Dès cette réplique, Jean-Pascal Zadi annonce la couleur : Le Grand Déplacement, son deuxième long-métrage en tant que réalisateur, ne sera pas un film de science-fiction comme les autres. Avec son humour toujours acide et sa volonté constante de questionner la place des Noirs – en France comme ailleurs –, Zadi tente un pari audacieux : envoyer des Africains dans l’espace, pour sauver leur avenir… et leur dignité.
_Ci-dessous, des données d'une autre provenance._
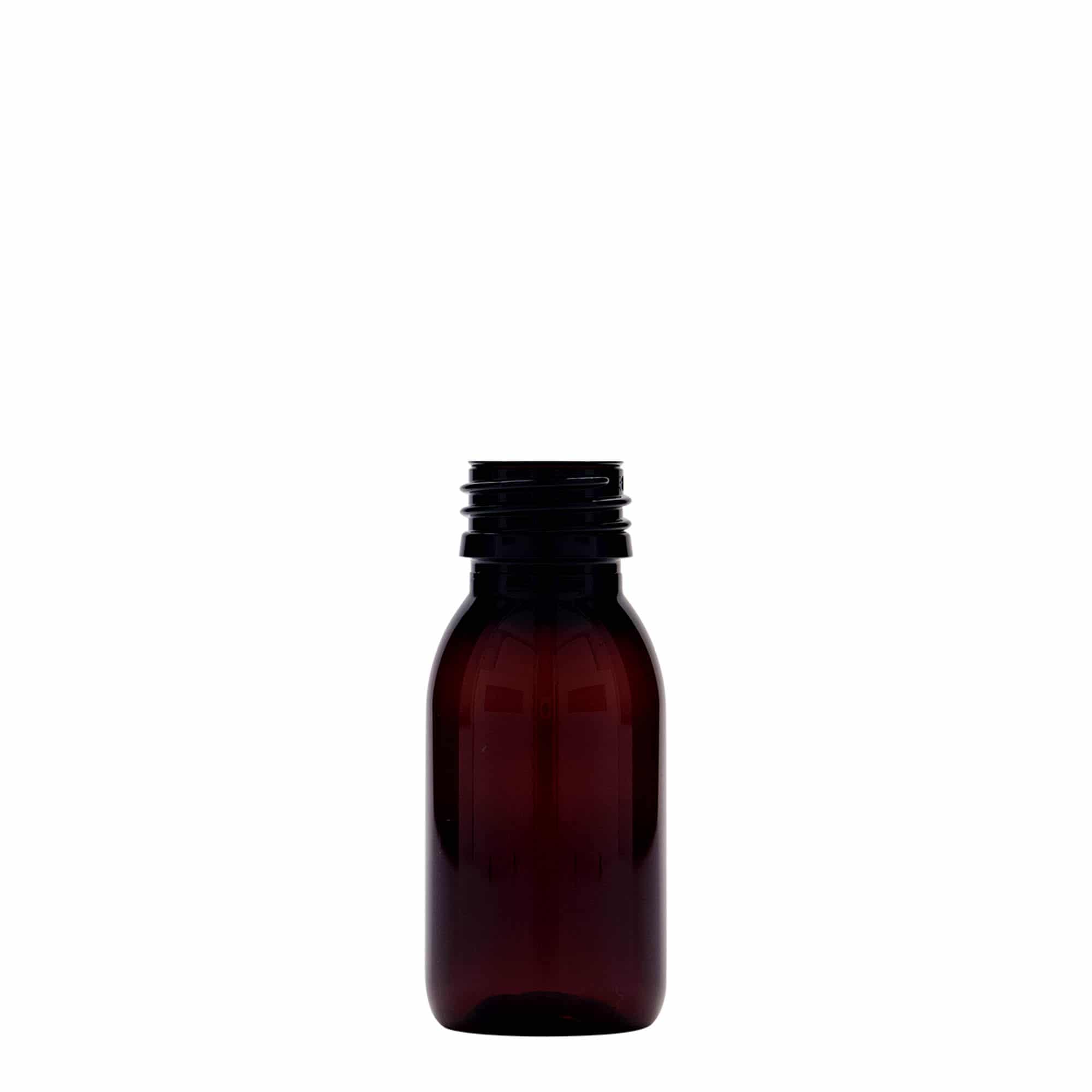 60 ml φιαλίδιο φαρμάκου PET, καφέ, πλαστικό, στόμιο: PP 28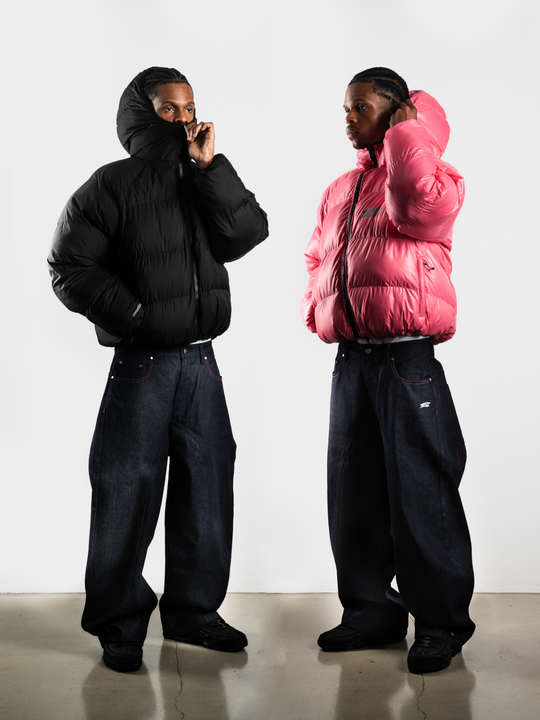 OVER5IZE "DUO" REVERSIBLE PUFFER JACKET BLACK & PINK
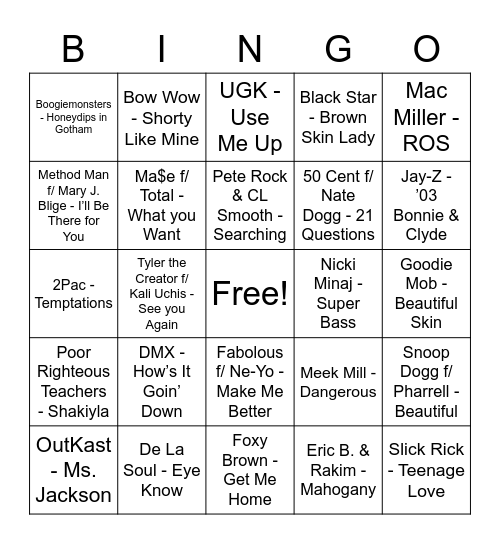 Round 4 - Love Songs Bingo Card
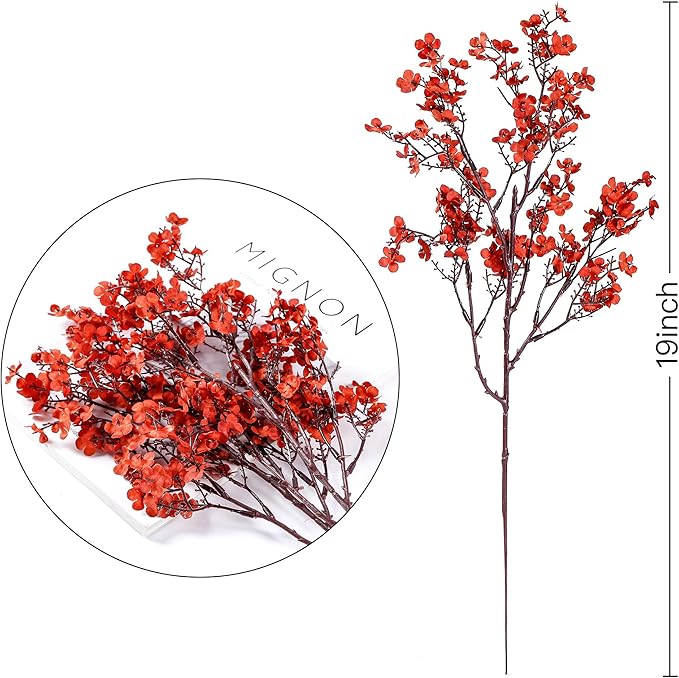 CozyNest Decor 15 Pcs Baby's Breath artificial flowers in orange-red, silk gypsophila bouquets for home DIY floral arrangements.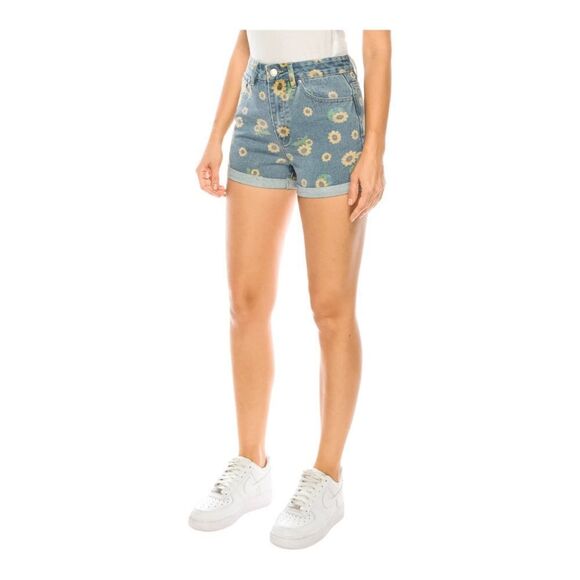 NWT Cali 1850 High Waisted Sunflower Denim Shorts Size 0 - Picture 2 of 8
De Tout simplement noir à l’odyssée spatiale

Révélé en 2020 avec Tout simplement noir (César du meilleur espoir masculin à la clé), puis créateur de la série En Place, où il se rêvait président, Jean-Pascal Zadi n’a jamais eu peur de se frotter aux grandes questions d’identité, de racisme et de représentation. Cette fois, avec Le Grand Déplacement, il bascule dans un registre inattendu : la science-fiction. Mais toujours avec les mêmes obsessions : l’Afrique, la diaspora, et cette envie d’en rire pour mieux réfléchir.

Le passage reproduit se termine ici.